What does your average week look like?
Usually it’s a mix of making new My Foolish Heart products, developing new designs and buying fabric and so forth. That’s interspersed with clothing alterations (a bit of a side project which I love doing too), volunteering at Mary’s Living and Giving shop on Lordship Lane and of course helping out at Bias! I love that I make all parts of my work life balance out. It’s all in the planning!
What's the most interesting alteration you've been asked to do?
I do a lot of bridal for some reason! The best one was rescuing these very delicate French men’s overshirts for a client and his brother. They both had these amazing pieces made by a tailor, but they’d managed to rip them to bits as they were in a band and they would burnt cigarette holes in them or they’d tear them when drunk. I had to find patches and do complicated stitching to make them look how they liked them, they didn’t want them to look too ‘done’.

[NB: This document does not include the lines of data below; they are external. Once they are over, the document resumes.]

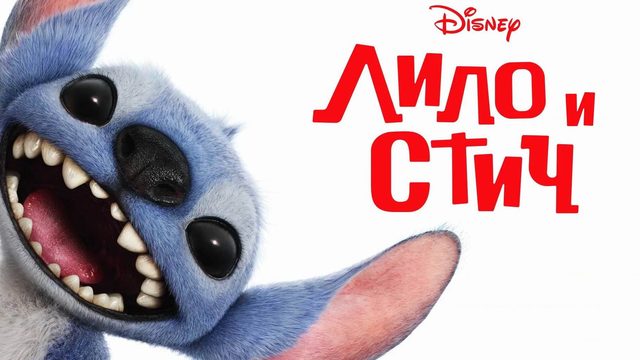 Лило и Стич (фильм, 2025)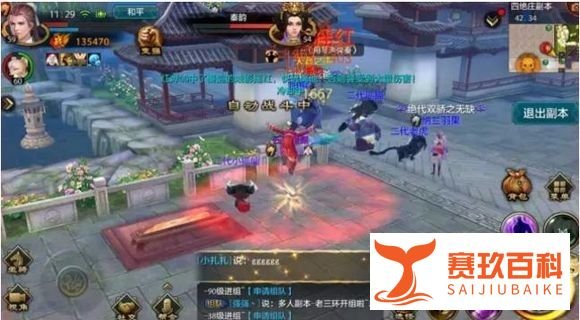 天龙八部怎么通关四绝庄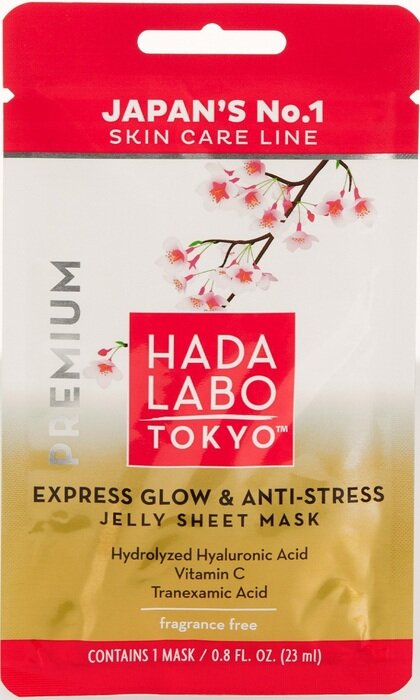 PREMIUM SHEET MASK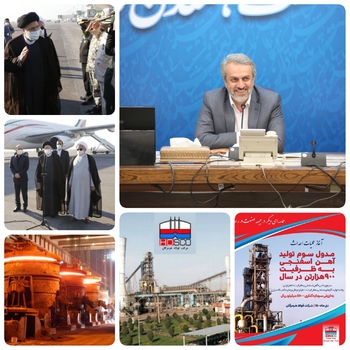 شاه کلید صنعت در شرکت فولاد هرمزگان/حماسه دیگر درجبهه صنعت در راه است/همزمان با سفر رئیس جمهور به استان هرمزگان و با حضور فاطمی امین وزیر صنعت و معدن و تجارت عملیات اجرایی احداث چند طرح توسعه ای آغاز خواهد شد/درخشش شرکت فولاد هرمزگان با همزمان سفر رئیس جمهور و وزیر صنعت و معدن و تجارت به استان هرمزگان و اغاز عملیات احداث (مدول سوم تولید آهن اسفنجی به ظرفیت ۹۰۰ هزار تن درسال) وبه ارزش سرمایه گذاری ۴۵۰۰۰ میلیارد ریال از افتخارات دیگر شر کت فولاد هرمزگان است/ تقدیر وزیر صنعت و معدن و تجارت از عملکرد مدیران جهادی شر کت فولاد هرمزگان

You've recently just built the new website for your business. What would be your three top tips for anyone wanting to do this?
Listen to recommendations for website builders from your peers: there are reasons some are more popular. Have in mind how you want your website to look from the start – a clear idea of your business identity, demographic, how your website may develop. Lastly, I’d say planning helps massively. I had completely underestimated how long the photography for each piece would take, that was an eye-opener!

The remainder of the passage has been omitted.